[Captioned web images]
┏━━

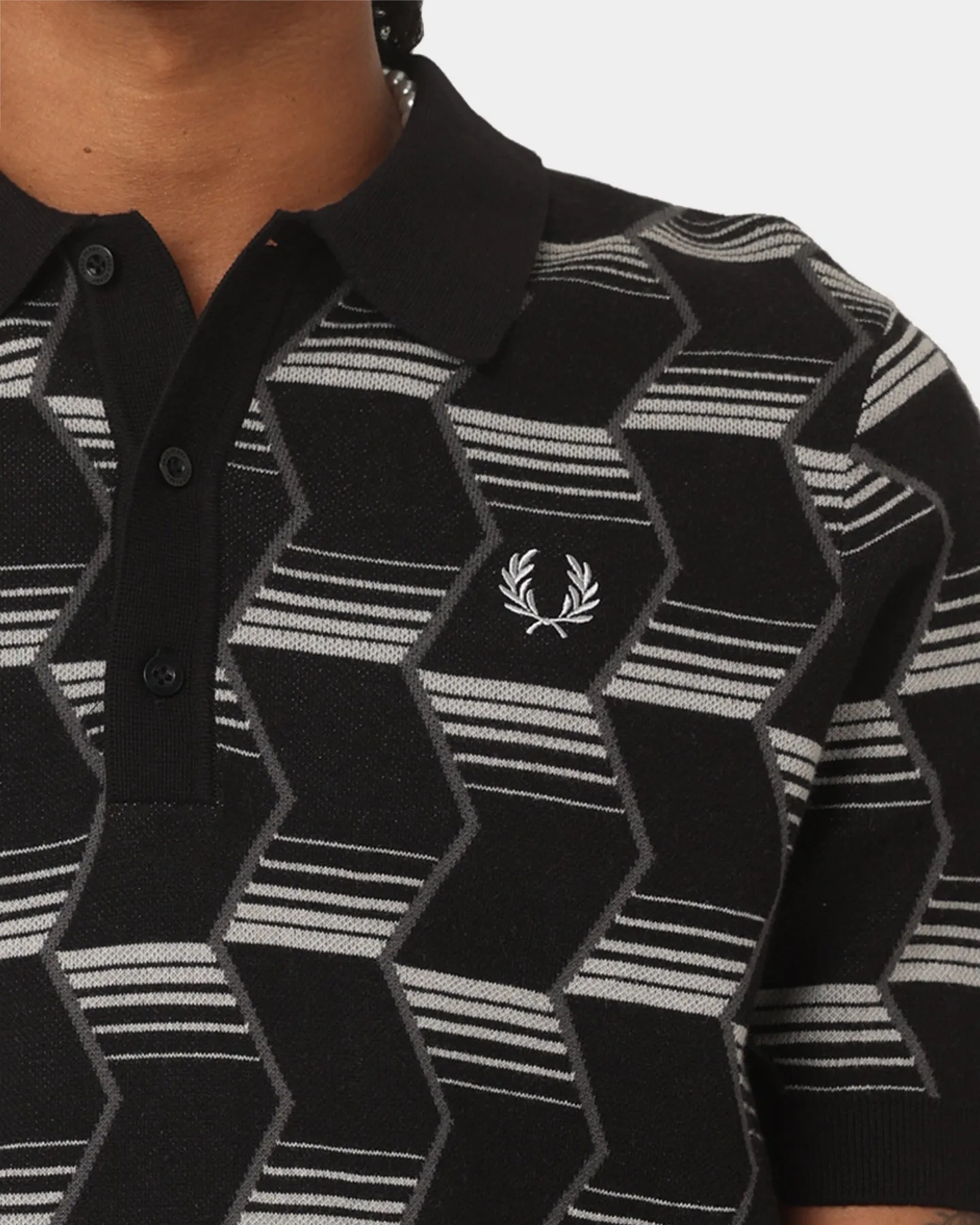 Fred Perry Chevron Stripe Knitted Polo Shirt Black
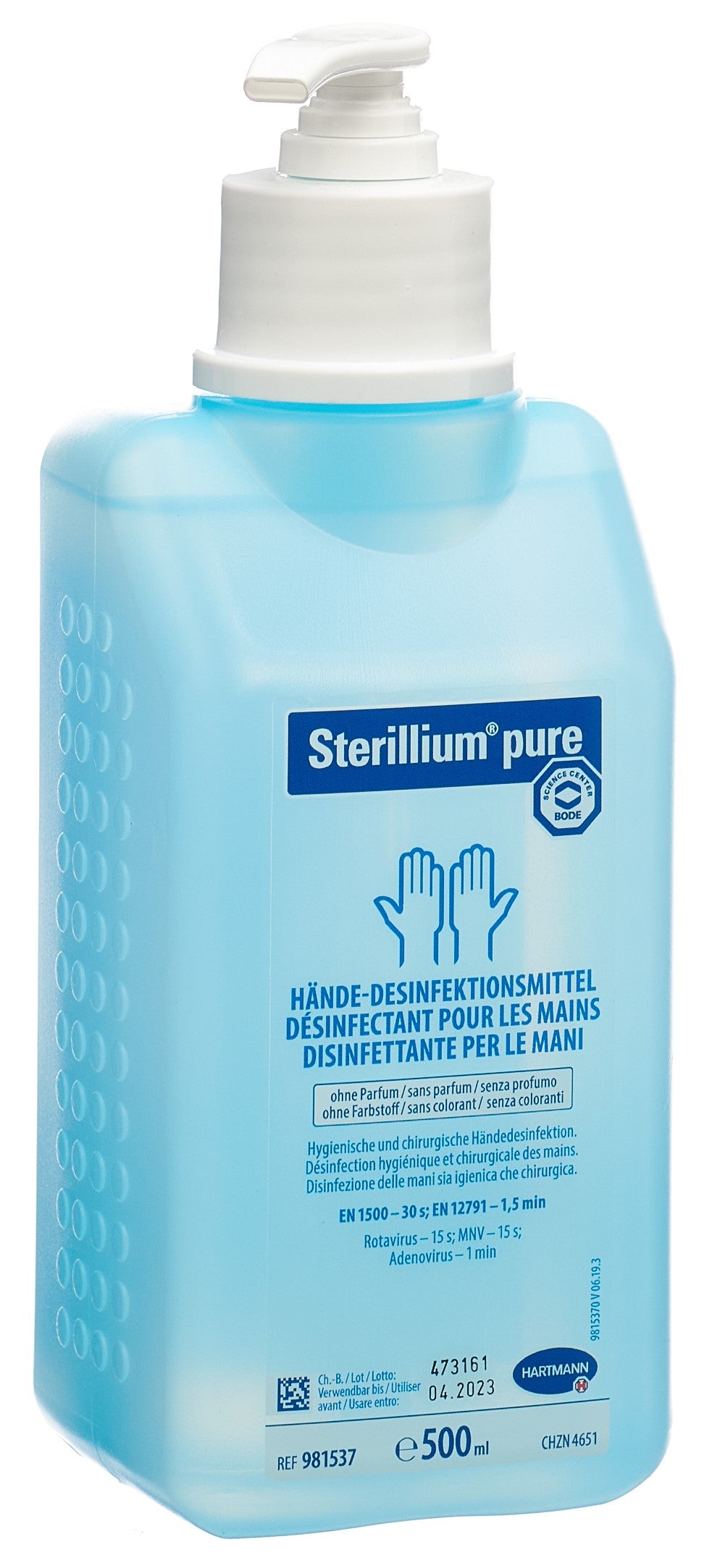 STERILLIUM Pure Solution Désinfectante Mains avec Pompe 500 ml Hygiène Sûre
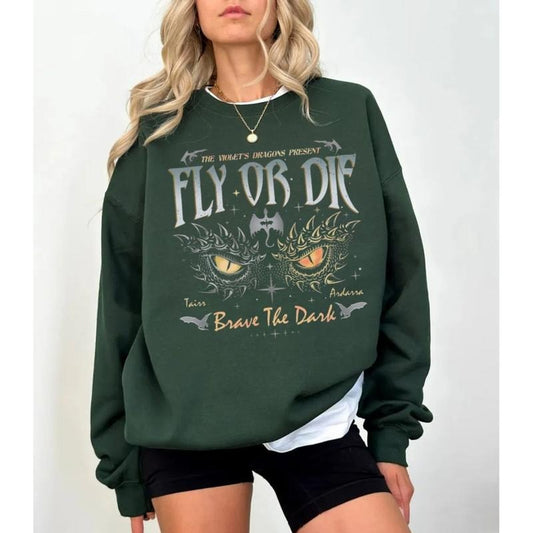 Dragon Rider Sweatshirt, Onyx Storm Brave Shirt, Fly Or Die Fourth Wing Series Hoodie, Gift For Dragon Book Lovers,...
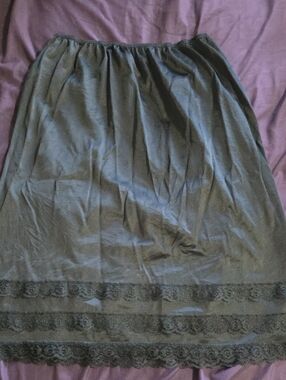 Vintage Truly Black Midi Slip Skirt with Lace Trim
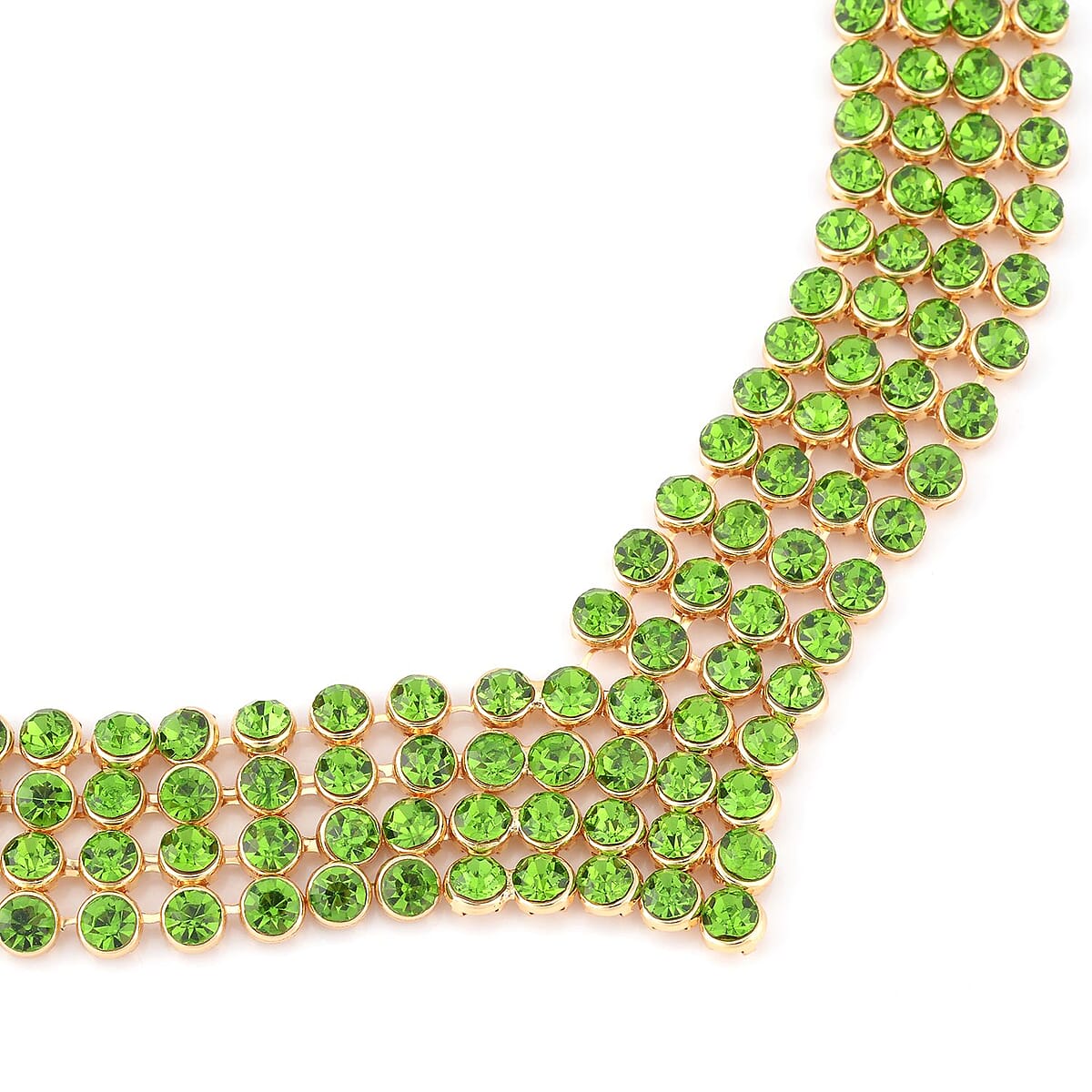 Peridot Color Austrian Crystal Earrings and Princess Necklace 16-20 Inches in Goldtone image number 3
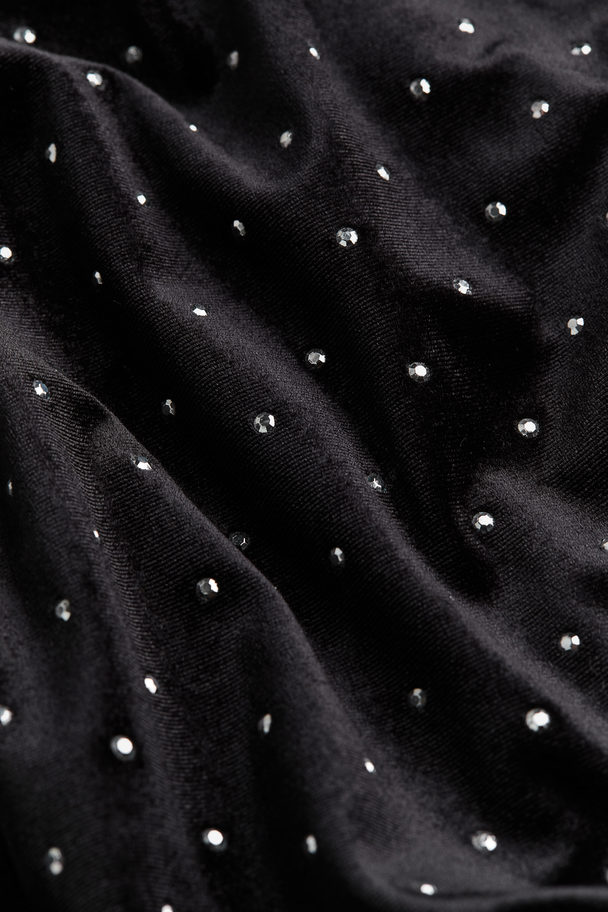 H&M Bodycon-Kleid mit eckigem Ausschnitt Schwarz/Nieten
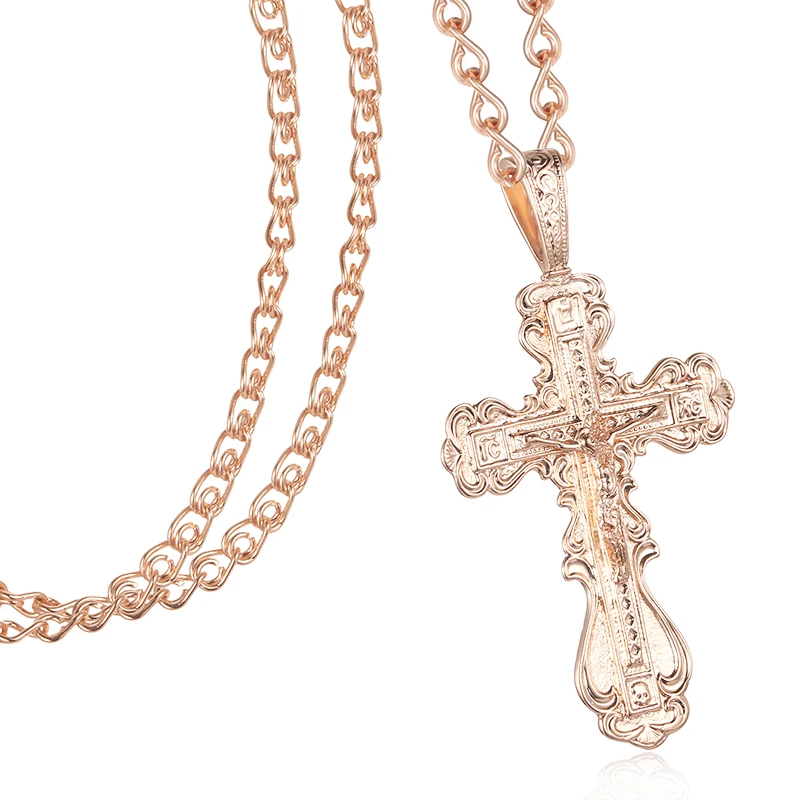 

FJ Men Big Pendant Women 585 Gold Color Crucifix Cross Necklace Necklace Chains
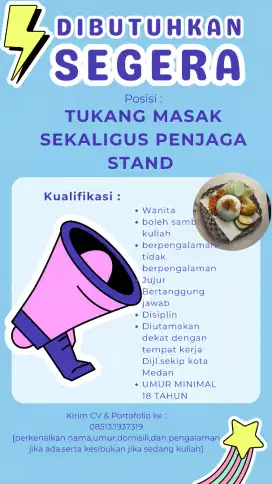 DIBUTUHKAN SEGERA PENJAGA DAN BANTU MASAK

┗━━

### What the task requires
Exactly as written, restate the lines from the one that contains "Dragon Rider Sweatshirt, Onyx" through the final line of the data, both ends included, but leave out the pictures.

### Reply
 Dragon Rider Sweatshirt, Onyx Storm Brave Shirt, Fly Or Die Fourth Wing Series Hoodie, Gift For Dragon Book Lovers,...
 Vintage Truly Black Midi Slip Skirt with Lace Trim
 Peridot Color Austrian Crystal Earrings and Princess Necklace 16-20 Inches in Goldtone image number 3
 H&M Bodycon-Kleid mit eckigem Ausschnitt Schwarz/Nieten

FJ Men Big Pendant Women 585 Gold Color Crucifix Cross Necklace Necklace Chains
 DIBUTUHKAN SEGERA PENJAGA DAN BANTU MASAK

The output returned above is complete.